There's no reason to take profits in an emerging leader when it's under accumulation and breaking out from an early-stage base.
But after big runs and a series of breakouts, leaders in an industry group invariably start to show signs of wear and tear, mostly due to persistent signs of institutional selling.
At some point, savvy fund managers and big investors cash out and rotate into other areas of the market. Recognizing when this happens is key to locking in profits in a big winner.
A lot of money was made in the home-building group when a multiyear bull market kicked into gear in March 2003. Homebuilders started breaking out from early-stage bases in May — two months after the Nasdaq confirmed a new uptrend on March 17, rising 4% in strong volume.
After a two-year-plus price run, a wave of institutional selling hit the homebuilder group in the summer and fall of 2005, marking the start of a lengthy downtrend for the group.

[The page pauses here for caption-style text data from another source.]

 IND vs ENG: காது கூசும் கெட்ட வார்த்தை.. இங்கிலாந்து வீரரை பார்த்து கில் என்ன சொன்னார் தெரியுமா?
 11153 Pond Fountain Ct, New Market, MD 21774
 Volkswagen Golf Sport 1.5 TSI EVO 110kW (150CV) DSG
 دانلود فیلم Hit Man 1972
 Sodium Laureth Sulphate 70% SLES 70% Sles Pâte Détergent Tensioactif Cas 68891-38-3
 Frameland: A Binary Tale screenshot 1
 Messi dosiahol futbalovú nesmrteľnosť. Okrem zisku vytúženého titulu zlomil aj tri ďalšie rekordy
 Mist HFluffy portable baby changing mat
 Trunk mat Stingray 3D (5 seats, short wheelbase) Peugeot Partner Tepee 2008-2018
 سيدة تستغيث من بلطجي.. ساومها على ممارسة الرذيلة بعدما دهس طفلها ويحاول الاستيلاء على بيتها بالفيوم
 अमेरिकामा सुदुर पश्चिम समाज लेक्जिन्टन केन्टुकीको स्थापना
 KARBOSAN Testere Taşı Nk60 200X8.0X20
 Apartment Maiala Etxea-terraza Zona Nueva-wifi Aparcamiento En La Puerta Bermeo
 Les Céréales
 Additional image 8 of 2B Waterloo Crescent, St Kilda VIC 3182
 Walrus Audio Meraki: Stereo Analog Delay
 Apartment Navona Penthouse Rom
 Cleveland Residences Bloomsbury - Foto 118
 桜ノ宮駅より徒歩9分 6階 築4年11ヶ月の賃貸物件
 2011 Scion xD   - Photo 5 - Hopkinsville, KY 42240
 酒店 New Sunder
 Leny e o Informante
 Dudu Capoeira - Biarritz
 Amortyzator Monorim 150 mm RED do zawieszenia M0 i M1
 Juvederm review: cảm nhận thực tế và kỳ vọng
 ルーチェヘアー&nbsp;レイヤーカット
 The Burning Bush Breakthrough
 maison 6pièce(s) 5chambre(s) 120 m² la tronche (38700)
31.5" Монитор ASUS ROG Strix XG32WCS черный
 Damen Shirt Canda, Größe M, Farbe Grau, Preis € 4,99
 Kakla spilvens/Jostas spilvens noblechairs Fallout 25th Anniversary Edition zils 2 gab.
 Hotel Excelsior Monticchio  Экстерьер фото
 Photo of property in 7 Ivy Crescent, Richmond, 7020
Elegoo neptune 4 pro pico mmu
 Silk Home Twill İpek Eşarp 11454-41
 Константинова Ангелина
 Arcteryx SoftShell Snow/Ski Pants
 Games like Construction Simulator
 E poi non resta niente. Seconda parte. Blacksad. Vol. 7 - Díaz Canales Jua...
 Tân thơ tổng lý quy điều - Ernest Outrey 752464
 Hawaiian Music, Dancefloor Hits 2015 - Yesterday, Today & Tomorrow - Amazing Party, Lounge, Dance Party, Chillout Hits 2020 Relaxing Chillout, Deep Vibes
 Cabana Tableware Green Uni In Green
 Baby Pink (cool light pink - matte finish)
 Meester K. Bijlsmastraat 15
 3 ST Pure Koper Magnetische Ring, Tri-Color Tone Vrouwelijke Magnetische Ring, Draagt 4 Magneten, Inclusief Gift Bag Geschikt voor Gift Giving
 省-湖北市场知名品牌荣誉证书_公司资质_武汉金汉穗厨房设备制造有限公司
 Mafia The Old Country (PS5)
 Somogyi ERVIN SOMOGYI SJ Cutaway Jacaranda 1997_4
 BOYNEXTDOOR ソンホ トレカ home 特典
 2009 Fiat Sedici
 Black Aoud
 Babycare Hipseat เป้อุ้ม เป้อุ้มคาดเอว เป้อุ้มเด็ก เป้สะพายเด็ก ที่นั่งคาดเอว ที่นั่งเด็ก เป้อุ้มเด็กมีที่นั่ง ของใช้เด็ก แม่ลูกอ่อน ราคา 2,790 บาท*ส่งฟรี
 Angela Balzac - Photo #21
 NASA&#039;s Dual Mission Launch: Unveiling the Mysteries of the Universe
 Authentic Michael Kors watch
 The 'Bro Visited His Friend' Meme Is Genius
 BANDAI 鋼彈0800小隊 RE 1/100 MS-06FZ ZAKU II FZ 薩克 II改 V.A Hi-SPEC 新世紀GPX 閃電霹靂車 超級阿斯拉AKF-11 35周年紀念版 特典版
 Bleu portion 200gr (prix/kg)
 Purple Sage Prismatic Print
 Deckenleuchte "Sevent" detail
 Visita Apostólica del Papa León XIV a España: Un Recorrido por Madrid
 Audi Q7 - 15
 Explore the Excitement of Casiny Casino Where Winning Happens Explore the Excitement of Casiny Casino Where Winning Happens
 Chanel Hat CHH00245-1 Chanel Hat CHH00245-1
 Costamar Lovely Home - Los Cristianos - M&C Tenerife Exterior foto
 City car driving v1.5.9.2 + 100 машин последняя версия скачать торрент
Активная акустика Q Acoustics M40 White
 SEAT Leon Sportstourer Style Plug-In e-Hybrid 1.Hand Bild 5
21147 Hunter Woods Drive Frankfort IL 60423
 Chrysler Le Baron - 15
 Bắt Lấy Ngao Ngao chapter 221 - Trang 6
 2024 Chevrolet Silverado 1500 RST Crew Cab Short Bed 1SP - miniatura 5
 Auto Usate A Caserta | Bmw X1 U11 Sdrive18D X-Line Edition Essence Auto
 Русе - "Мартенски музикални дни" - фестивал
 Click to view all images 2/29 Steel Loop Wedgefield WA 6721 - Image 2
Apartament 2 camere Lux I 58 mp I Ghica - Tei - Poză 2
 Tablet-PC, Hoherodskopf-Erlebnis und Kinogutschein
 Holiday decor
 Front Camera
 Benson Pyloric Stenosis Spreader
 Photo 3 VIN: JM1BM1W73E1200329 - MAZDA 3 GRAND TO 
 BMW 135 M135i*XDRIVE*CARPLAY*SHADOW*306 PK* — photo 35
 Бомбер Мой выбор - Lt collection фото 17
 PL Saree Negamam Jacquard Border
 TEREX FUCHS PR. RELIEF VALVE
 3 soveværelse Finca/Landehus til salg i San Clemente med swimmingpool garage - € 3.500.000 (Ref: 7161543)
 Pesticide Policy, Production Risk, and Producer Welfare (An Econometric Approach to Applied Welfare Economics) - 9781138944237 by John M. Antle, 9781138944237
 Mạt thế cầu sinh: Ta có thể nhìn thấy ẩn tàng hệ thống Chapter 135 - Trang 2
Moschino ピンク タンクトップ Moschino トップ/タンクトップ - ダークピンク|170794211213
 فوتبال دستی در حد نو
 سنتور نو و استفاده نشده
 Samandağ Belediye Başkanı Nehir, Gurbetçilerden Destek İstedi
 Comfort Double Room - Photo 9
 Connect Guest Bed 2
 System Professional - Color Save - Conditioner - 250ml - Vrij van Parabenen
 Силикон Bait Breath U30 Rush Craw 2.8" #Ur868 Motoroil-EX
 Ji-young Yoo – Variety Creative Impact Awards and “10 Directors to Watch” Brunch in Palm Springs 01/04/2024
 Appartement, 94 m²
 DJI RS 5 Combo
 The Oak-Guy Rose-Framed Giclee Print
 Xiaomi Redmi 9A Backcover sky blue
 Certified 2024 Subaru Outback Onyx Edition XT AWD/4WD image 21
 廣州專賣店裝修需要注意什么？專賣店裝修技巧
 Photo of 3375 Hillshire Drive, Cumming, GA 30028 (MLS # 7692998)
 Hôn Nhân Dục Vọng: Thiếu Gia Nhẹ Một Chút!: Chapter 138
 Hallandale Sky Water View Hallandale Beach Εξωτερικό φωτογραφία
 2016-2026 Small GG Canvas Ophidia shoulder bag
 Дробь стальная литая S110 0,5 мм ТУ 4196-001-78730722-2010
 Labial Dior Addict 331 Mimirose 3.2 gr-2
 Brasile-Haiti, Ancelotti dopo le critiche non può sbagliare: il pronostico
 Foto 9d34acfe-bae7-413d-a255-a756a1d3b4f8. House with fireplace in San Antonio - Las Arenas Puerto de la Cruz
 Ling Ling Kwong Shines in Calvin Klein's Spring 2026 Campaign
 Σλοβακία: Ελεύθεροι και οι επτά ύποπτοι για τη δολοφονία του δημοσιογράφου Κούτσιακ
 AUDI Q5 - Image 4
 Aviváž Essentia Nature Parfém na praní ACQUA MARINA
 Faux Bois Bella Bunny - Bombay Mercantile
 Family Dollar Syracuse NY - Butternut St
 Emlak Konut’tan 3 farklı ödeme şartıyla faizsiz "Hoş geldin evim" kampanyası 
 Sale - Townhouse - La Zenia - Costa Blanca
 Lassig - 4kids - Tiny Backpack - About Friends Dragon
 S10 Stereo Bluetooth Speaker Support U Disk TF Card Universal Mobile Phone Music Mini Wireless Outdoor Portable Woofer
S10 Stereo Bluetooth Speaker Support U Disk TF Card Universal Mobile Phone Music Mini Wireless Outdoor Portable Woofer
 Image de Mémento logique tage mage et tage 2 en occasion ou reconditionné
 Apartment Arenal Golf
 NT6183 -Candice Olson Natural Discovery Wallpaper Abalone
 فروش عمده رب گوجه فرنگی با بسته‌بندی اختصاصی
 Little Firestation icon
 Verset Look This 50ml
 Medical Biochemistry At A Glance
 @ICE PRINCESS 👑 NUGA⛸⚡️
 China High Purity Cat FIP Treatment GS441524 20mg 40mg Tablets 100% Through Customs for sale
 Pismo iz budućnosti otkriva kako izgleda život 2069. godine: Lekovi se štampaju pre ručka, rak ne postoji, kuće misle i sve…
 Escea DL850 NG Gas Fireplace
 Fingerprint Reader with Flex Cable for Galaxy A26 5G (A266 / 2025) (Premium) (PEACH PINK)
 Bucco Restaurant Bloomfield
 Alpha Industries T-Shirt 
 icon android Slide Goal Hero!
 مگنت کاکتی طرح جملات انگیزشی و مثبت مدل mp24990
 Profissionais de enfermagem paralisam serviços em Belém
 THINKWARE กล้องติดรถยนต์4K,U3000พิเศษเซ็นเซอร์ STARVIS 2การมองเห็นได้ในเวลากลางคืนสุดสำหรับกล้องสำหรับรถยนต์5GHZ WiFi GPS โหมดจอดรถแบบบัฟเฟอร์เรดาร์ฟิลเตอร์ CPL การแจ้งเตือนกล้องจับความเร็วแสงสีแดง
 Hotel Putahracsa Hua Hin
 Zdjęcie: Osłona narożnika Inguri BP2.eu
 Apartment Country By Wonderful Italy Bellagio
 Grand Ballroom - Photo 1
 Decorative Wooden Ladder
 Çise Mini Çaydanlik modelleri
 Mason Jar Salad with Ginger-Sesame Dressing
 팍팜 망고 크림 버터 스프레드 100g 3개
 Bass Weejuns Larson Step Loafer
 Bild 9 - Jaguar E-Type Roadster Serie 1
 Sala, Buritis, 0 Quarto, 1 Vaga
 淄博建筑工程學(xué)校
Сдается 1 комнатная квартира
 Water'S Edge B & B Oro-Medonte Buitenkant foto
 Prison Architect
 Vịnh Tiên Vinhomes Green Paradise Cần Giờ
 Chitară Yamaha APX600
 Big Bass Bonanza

Several top performers in the group were breaking out from late-stage bases at the time. PulteGroup (PHM) cleared a fourth-stage base in June 2005 (monthly chart is shown) but institutional selling started to hit the stock a few months later (1). The stock tried to form a new base but failed. By January 2008, Pulte fell 83% from its 48.22 peak.
Ryland Group (RYL) tried to clear a fifth-stage base in June but it suffered the same plight. See how the stocks began falling well ahead of signs that the housing market was headed toward a nationwide crisis
Fast forward to today and homebuilders have a bona fide leadership role in the market again.
If you were fortunate enough to buy Ryland when it cleared a first-stage base in late April 2012 and held on for the ride, congratulations. You're sitting on a big gain, even if you decided to take profits on the way up.
After big price runs, some homebuilders just recently broke out from late-stage bases. Lennar (LEN) has been hitting new highs in light volume as it tries to clear a third-stage base. Ryland and PulteGroup also recently cleared third-stage structures.
The homebuilders aren't flashing sell signals yet, but they've run up a lot already. Keep an eye on the leaders. At some point, history will repeat itself.